# Garbage Pickup Confusion



## PatrickMurtha (Feb 26, 2011)

Have any of you ever had problems with garbage pickup and had to arrange for private service?

Since moving to the city of Tlaxcala two weeks ago, I have not had a pickup. I have been in touch with the real estate agent, the landlord’s son, the neighbors. Predictably, everyone tells me something different. A public truck enters our privada on Monday-Wednesday-Friday afternoons, or a private truck does on Sunday mornings or sometime unspecified on Wednesdays. Every time I have tried waiting for three hours at one of the indicated times, of course nothing has happened.

One day I did see a truck going slowly down a nearby main street in the afternoon, as residents and businesses from that street and side streets ran out with their bags.
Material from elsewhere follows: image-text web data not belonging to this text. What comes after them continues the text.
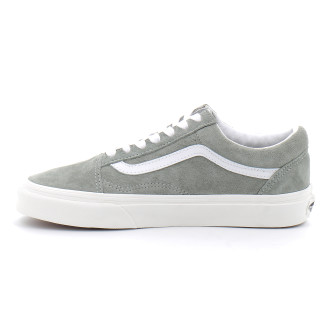 Chaussures basses à lacets en daim pour adulte Old Skool vert clair vn0005ufby11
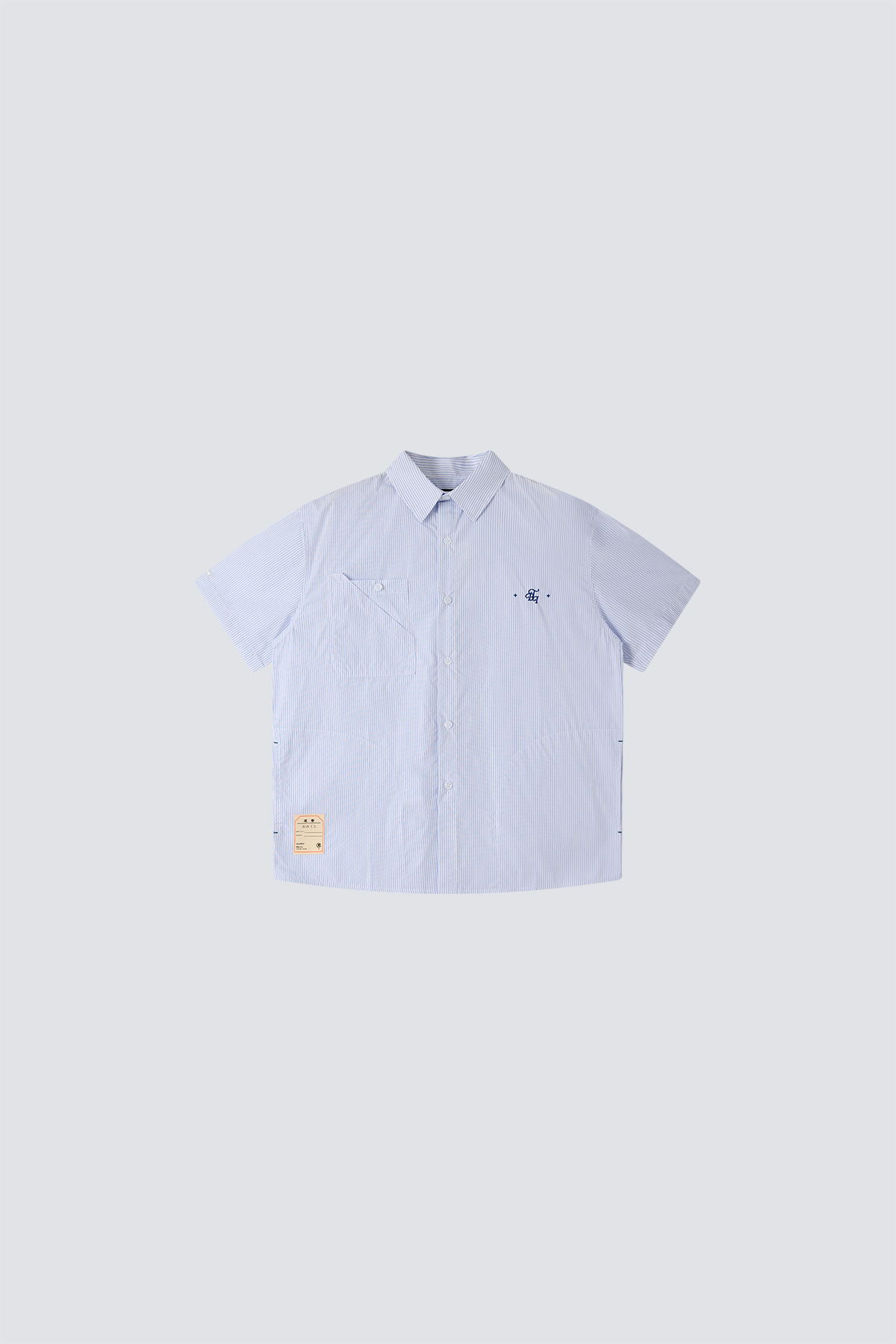 TBI Strip Daily Shirt｜Blue Stripe｜Hong Kong Original Design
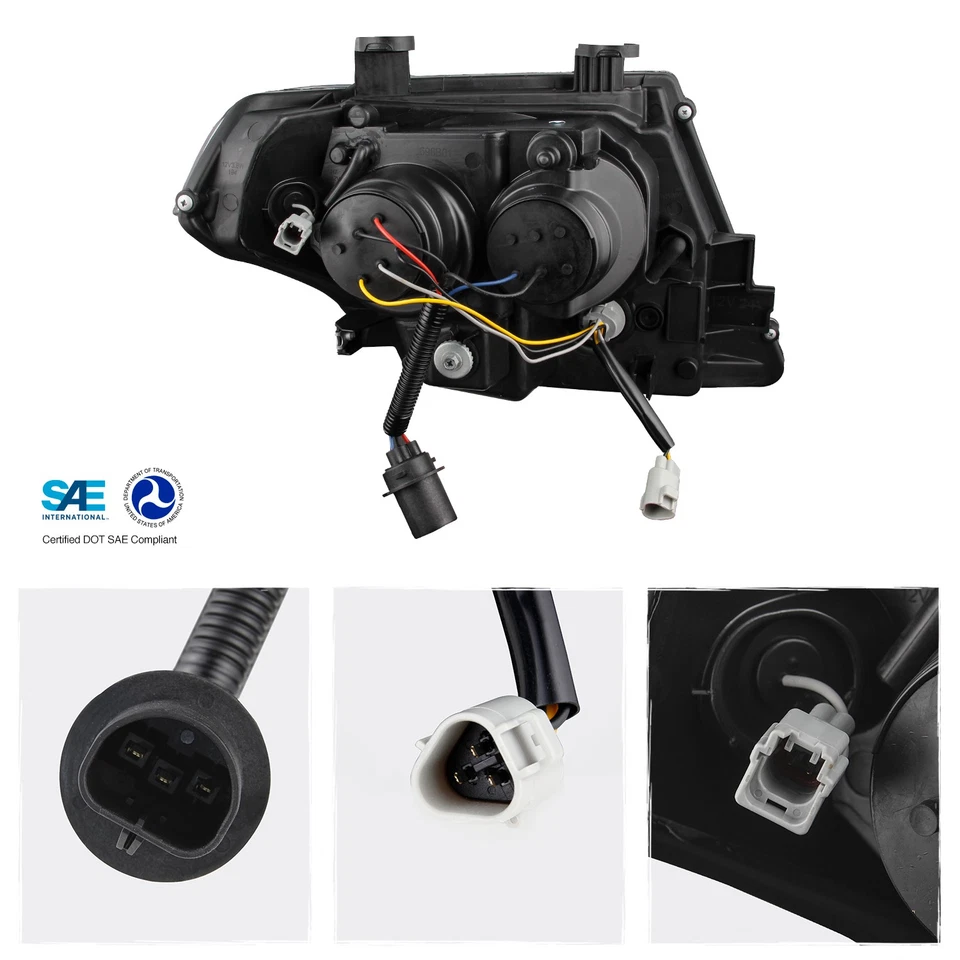 Faro proyector doble LED DRL Switchback para Nissan Frontier 09-21 2009-2021 Foto 3 de 4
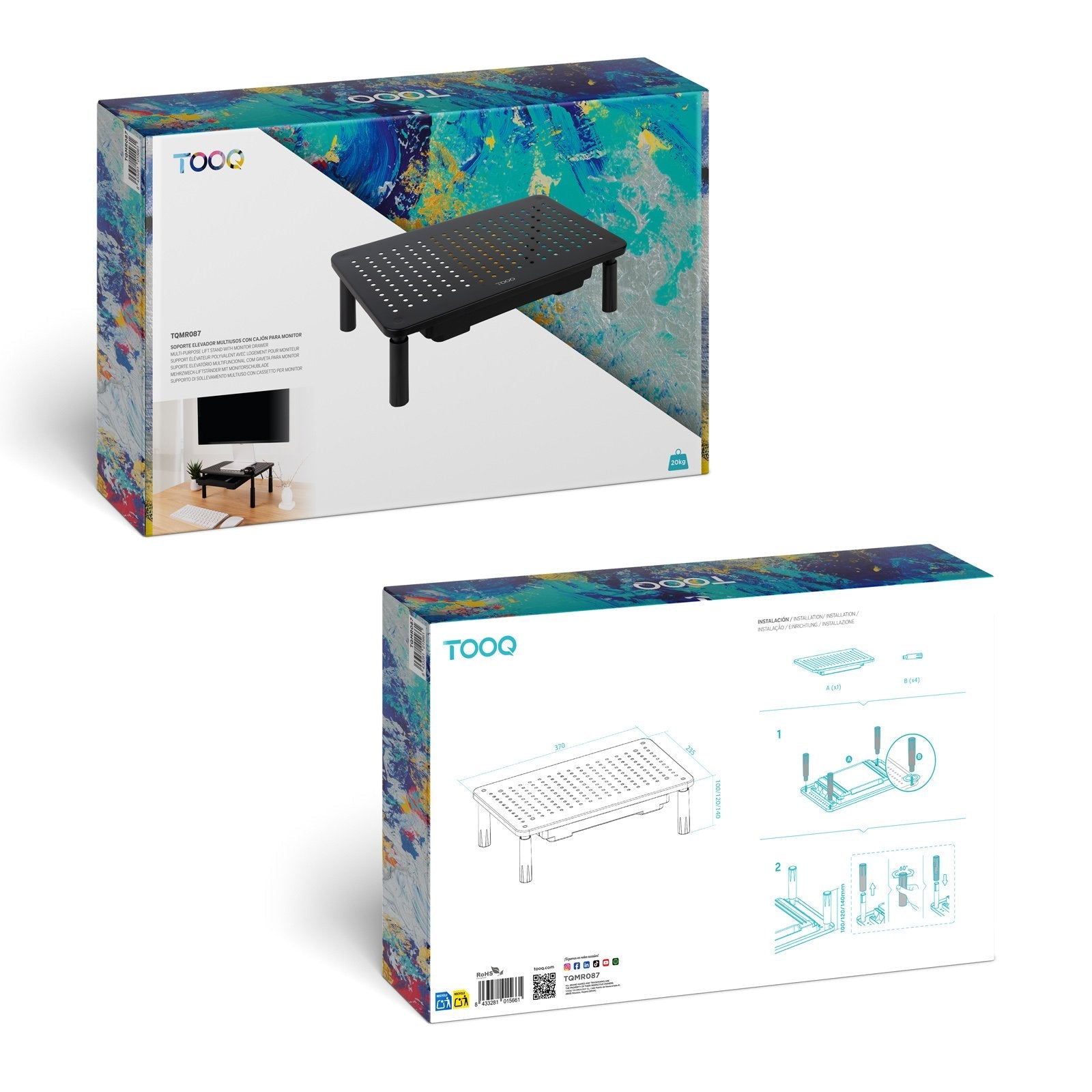 Soporte Para Monitor Tooq Tqmr087 Hasta 20kg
No one here can put bags out for pickup because they would be shredded by the street dogs, and this being Mexico, there are no dumpsters.

So I am waiting again this Sunday morning because the landlord’s son told me a prívate truck comes, but I am doubtful. No one else on the street seems to be prepared for or anticipating a pickup. Do people put garbage in their car trunks and drive it somewhere, I wonder? I don’t have a car.

I am liking Tlaxcala quite a bit BUT the information infrastructure here is terrible. For example, the bus (really combi) routes and schedules are not online and seemingly nowhere to be found.


----------



## citlali (Mar 4, 2013)

In San Cristobal the garbage truck in the historical center where I live come by at 6am, twice a week and we have to put out the bags when the bell rings. We cannot leave anything out because of the marauding dogs hich by the way are not friendly if you try to stop them.
In Ajijic the truck on our privada come by twice a week and there is no telling at what time , The garbage stays on the street all day. Thankfully they are few marauding dogs here.. The best thing to do is ask your neighbors what todo. Is there a president of barrio or colonia where you live? Ask him or her .
In Chiapas we even have a person designated on the street to be the neighborhood contact and watch dog. Talk to the neighbors, many do not have a car and know what to do. In San Cristobal we also have Guatemaltec kids who for a tip will take your garbage away.
Each area is differnt so make friends with the neighbors.


----------



## PatrickMurtha (Feb 26, 2011)

Interesting comments! I think that because my privada is very new and only 1/4 built out, no one is really taking responsibility for it. The street name is not even marked on Google Maps yet.

20 minutes ago I heard a horn tooting in the parallel street, which is completely built, and ran out and confirmed by looking between houses that it was a garbage truck. I scooted up my street to meet it, but by the time I got there I could see that it was already headed back out to the main road, and I wasn’t able to catch it.

i suppose I’ll have to go back to all the people I asked before and ask again.


----------



## citlali (Mar 4, 2013)

When we first moved, we had to go and take the garbage to the main street, you may have to have the help of someone on the next street.. maybe someone wiill help you for a few pesos.


----------



## PatrickMurtha (Feb 26, 2011)

citlali said:


> When we first moved, we had to go and take the garbage to the main street, you may have to have the help of someone on the next street.. maybe someone wiill help you for a few pesos.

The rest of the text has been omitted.